Il divario economico si riflette in tanti aspetti, non solo nella salute. Il nostro Paese è al 22º posto per disuguaglianza di reddito: le famiglie più ricche guadagnano oltre cinque volte quelle più povere. E questa forbice si vede anche a scuola: l’84% dei bambini di famiglie benestanti raggiunge le competenze base in matematica e lettura, mentre tra i meno abbienti meno della metà ci riesce.

Bo Viktor Nylund, direttore di UNICEF Innocenti, sottolinea come la disparità condizioni l’apprendimento, la nutrizione e la qualità della vita dei più piccoli. Serve un intervento urgente e mirato per non lasciare indietro chi è più fragile. Senza questo, i divari sociali rischiano di allargarsi ancora di più, compromettendo il futuro di tanti bambini.

Adolescenti italiani: tra soddisfazione e disuguaglianze

Anche lo stato d’animo dei ragazzi risente della condizione economica.

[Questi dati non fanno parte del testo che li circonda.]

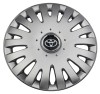 Capace Roti Toyota R16, ABS, Gri/Negru, Set 4 Bucati. Compatibil Universal 15/16 inch. Cod 403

Pur avendo uno dei tassi di suicidio più bassi d’Europa tra i 15-19enni , il rapporto UNICEF evidenzia un netto divario nella soddisfazione di vita tra adolescenti di diversa estrazione sociale.

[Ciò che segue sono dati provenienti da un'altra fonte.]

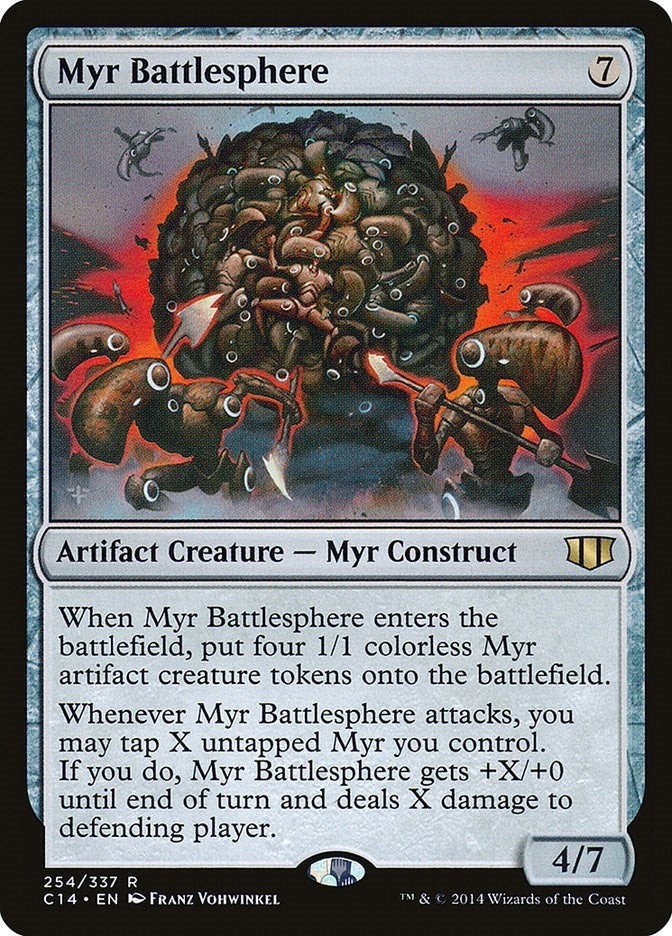Image for Myr Battlesphere (254) [Commander 2014] - Magic: The Gathering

Il 73% dei quindicenni italiani si dice soddisfatto della propria vita, ma la percentuale scende al 66% tra i più svantaggiati e sale al 79% tra i più ricchi, con un divario del 13%. Anche nei risultati scolastici emerge la stessa forbice: il 57% raggiunge le competenze base, ma nel quintile più povero solo il 45% ce la fa, mentre nel più ricco si arriva all’84%.

La segregazione scolastica, ovvero la presenza di studenti con background socioeconomici differenti nelle stesse scuole, è moderata . Il problema sta più in fattori interni: la scelta precoce degli indirizzi di studio, le risorse a casa, le differenze regionali nell’offerta educativa. Più tempo dedicato ai compiti non basta se non si parte da condizioni più eque.

Il rischio è che i ragazzi più fragili restino indietro, non solo a scuola, ma anche nella possibilità di vivere appieno la loro adolescenza e il futuro.